Inspirée par le «Plantoid», cette corolle sculptée par Isabelle Humbert-Radtke pourrait donner une voix aux arbres. © Nicolas Barrial

«Plantoid» est un projet artistique en réseau génératif conçu par le collectif O’Khaos qui éclaire sur les potentialités de la blockchain, ce système de transactions basé sur la confiance et la responsabilité. L’événement «Learn Do Share» présentait une nouvelle génération de ces étonnantes sculptures le 9 avril à Paris.

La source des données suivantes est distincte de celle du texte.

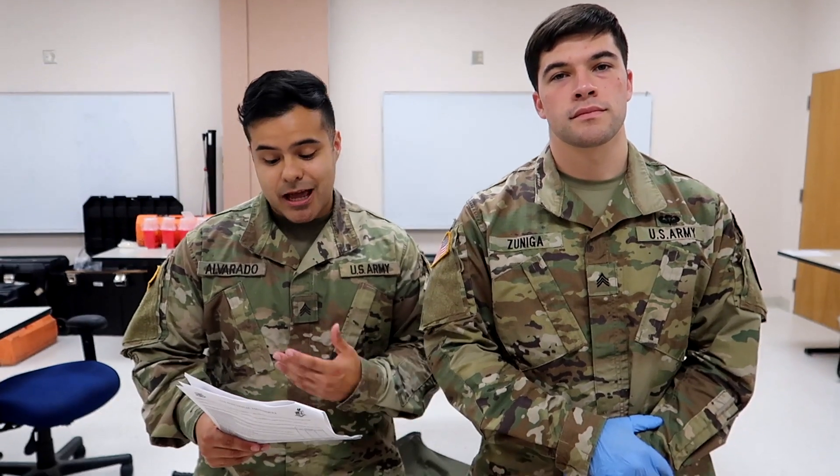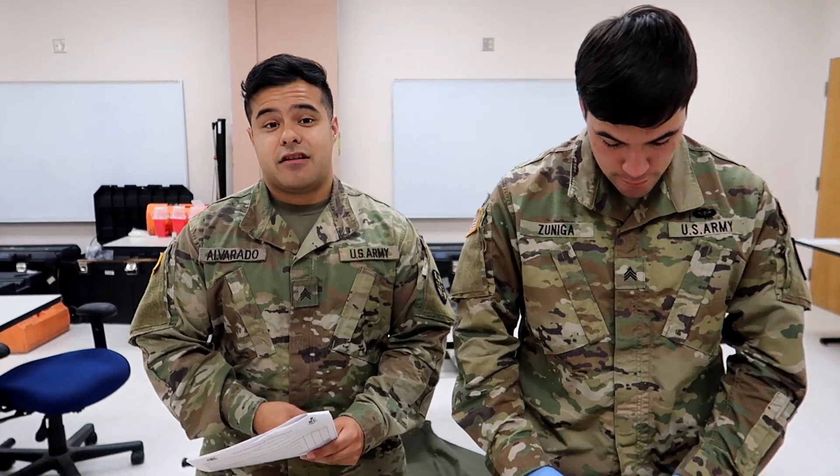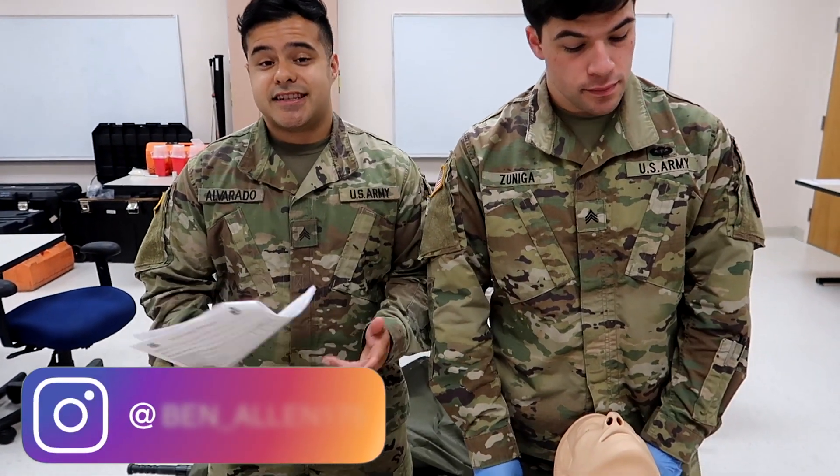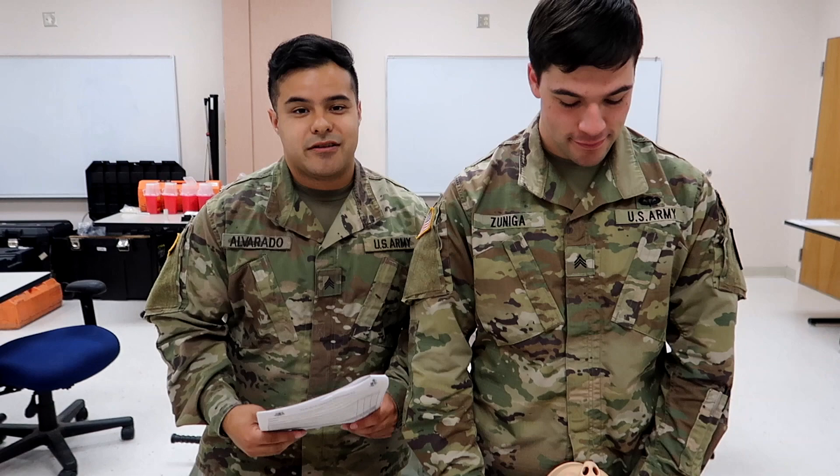What is up guys, Ben Allen back again with another individual skills validation episode. We're going to be going over the surgical cric. This is one of the skills you're going to be tested on for your individual skills validation in 68 Whiskey AIT. So we're going to be going over it with our demonstrator, Sergeant Zuniga.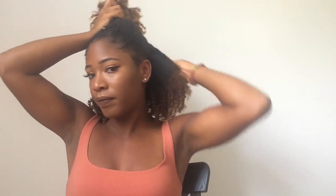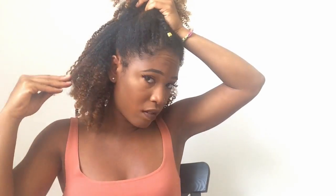Okay, so first I'm going to start off with the half up, half down hairstyle, and it is basically what the name of it is. You're just going to take the top half of your hair, put it into a ponytail, and then leave the bottom half down.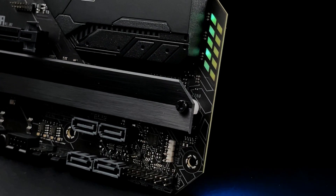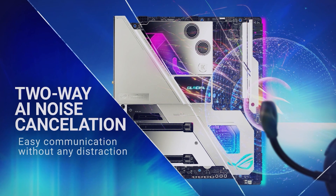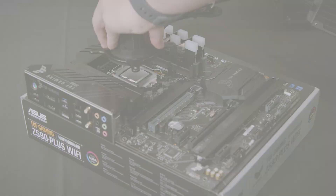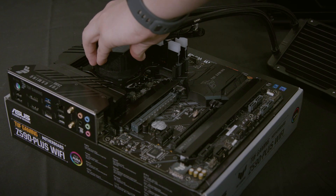Many of ASUS's motherboards offer resizable bar support to increase performance, and even offer two-way AI noise cancellation technology to make sure your communications are crystal clear. You can also add in an all-in-one liquid cooler to help cool your CPU, or if you plan on overclocking.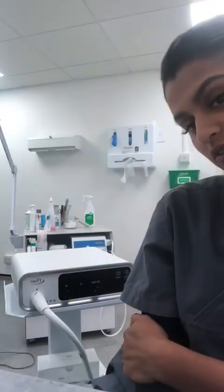Hi everyone, it's Nadisha here from Sorry Foot Service. I'd like to introduce to you today our new Swift machine. So, Swift, what does it do you may ask?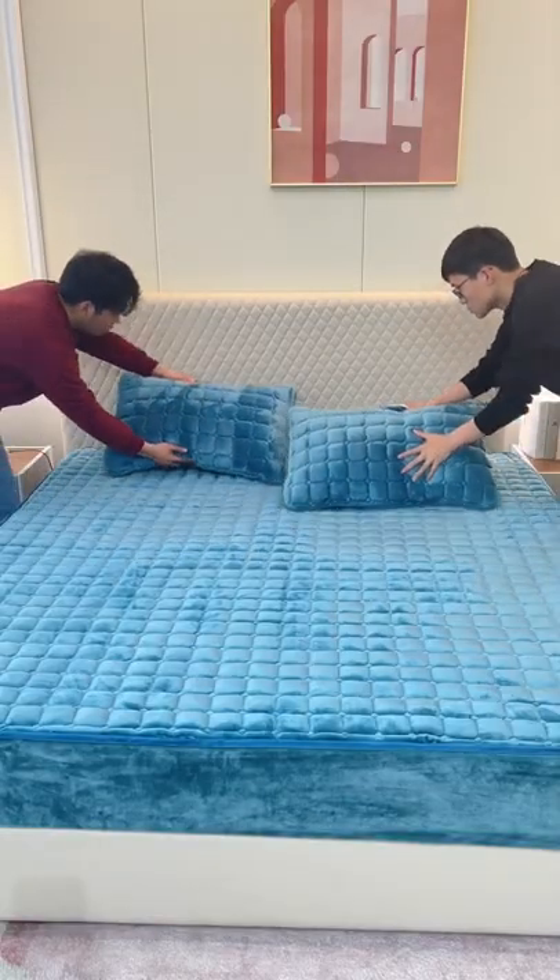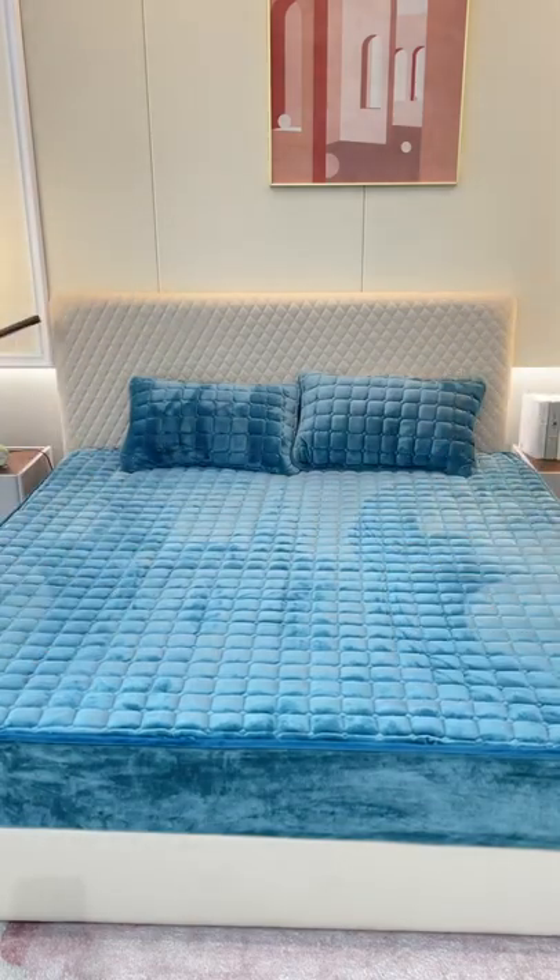It can also be slept on directly against the body. Fixed, beautiful, and convenient.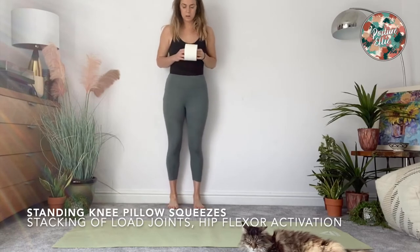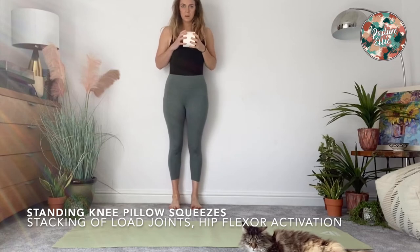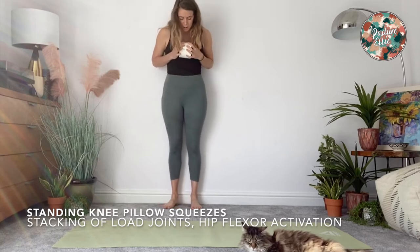For standing knee pillow squeezes, come with your body back against a wall, heels touching, and stand in parallel alignment at your feet, hip width apart — so the bony bits of your hips downwards, narrower than you think. It's about a fist.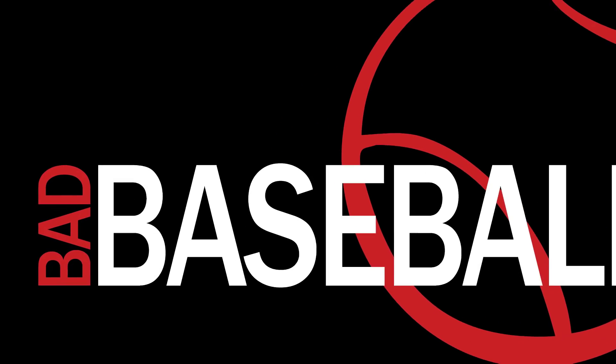Bad baseball pitch count tallies — when is enough enough? Chris Sloan here with Bad Baseball and SelectBaseballTeams.com. It's a little bit nicer weather and baseball is in full effect, so I figured I'd come outside and enjoy it. Let's jump right in. I want to talk about bad baseball pitch counts, or better known as overuse of your younger players' arms.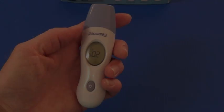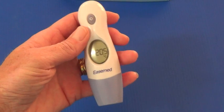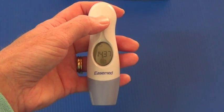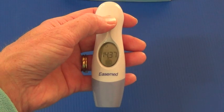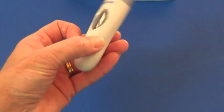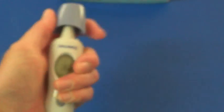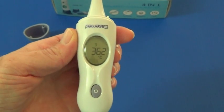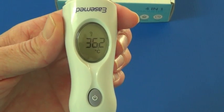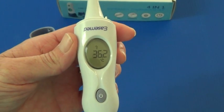We enter into the ear thermometer mode. You will need to press the scan button once to activate. You will see the last temperature reading has been displayed. Simply open the cap cover and there you will see the icon of the ear to show it is ready for the ear thermometer mode.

Difficile d’expliquer Plantoid, il faut déjà connaître les bases du « minage » du bitcoin, la crypto-monnaie des échanges sécurisés. Le bitcoin est une des versions de la blockchain, la technologie de la chaîne de blocs qui fait sévèrement fantasmer aujourd’hui les investisseurs de l’économie numérique. Mais la blockchain, base de données dont l’historique des transactions est vérifié en peer-to-peer, garantissant ainsi son inviolabilité, stimule également les artistes activistes et promoteurs d’économie circulaire car elle permet de s’affranchir d’une autorité centrale.

Pour résumer, Plantoid met en jeu un réseau génératif et évolutif de sculptures interactives de plantes qui trouvent les moyens de leur évolution dans le minage blockchain. Comme le dit leur site Internet : « Les plantes ont besoin des insectes pour se reproduire… Les Plantoids ont besoin des humains… Envoyez des bitcoins aux Plantoids pour qu’ils puissent embaucher un artiste pour se reproduire… »

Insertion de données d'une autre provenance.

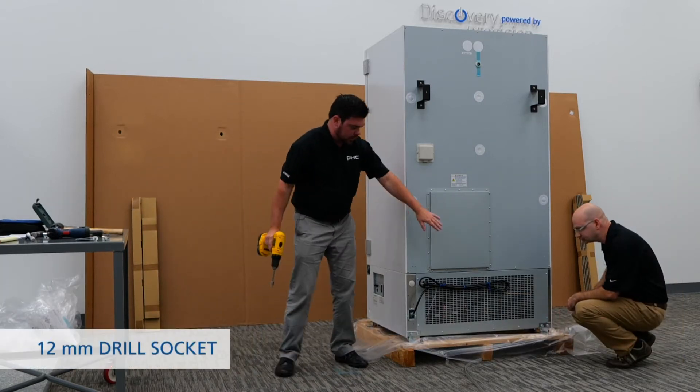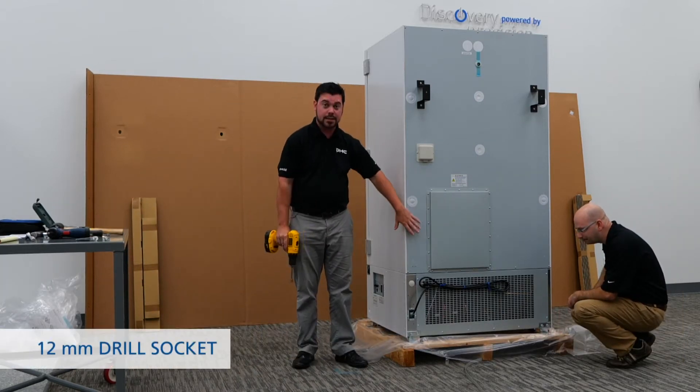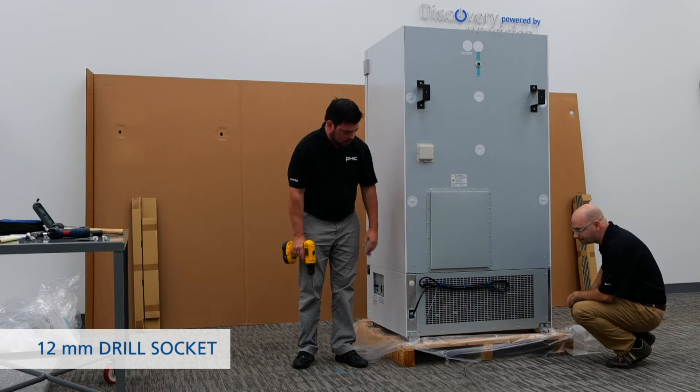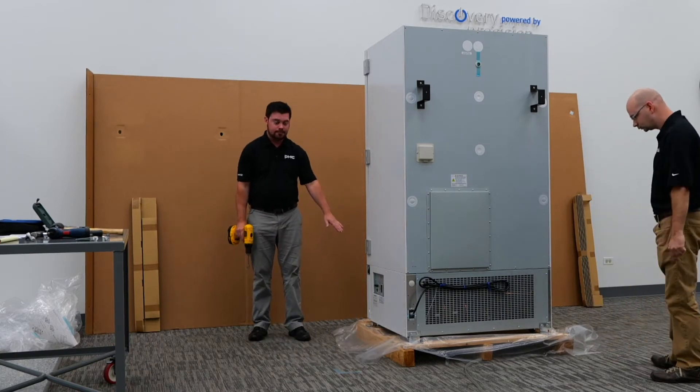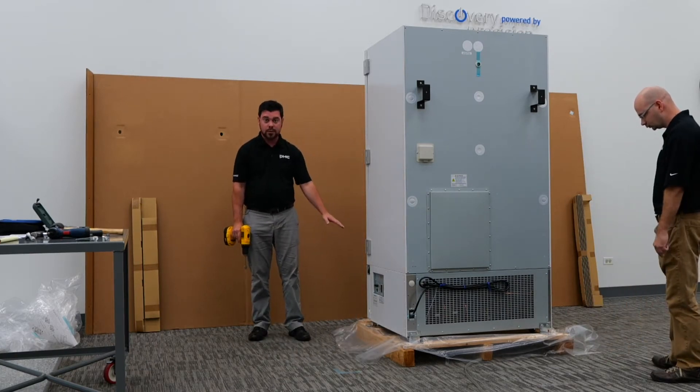For the next steps, you're going to notice two mounting brackets on the back side of the unit. We're going to want to go ahead and remove those brackets to free up the unit from the skid. After that, we'll jump to the front side and do the same thing with a couple more mounting brackets.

Le «Plantoid» originel du collectif O’Khaos (Capture d’écran). © O’Khaos

Neuf mois après la première mouture présentée au festival Ars Electronica de Linz, la plante a effectivement mutée. Et l’événement international sur les nouvelles écritures numériques « Learn Do Share » organisé le 9 avril à l’ESCP Europe de Paris s’appuyait sur Plantoid pour faire comprendre les enjeux de « story telling » que laisse entrevoir la blockchain. Un atelier permettait également d’explorer la genèse des nouveaux rejetons du cyber-végétal.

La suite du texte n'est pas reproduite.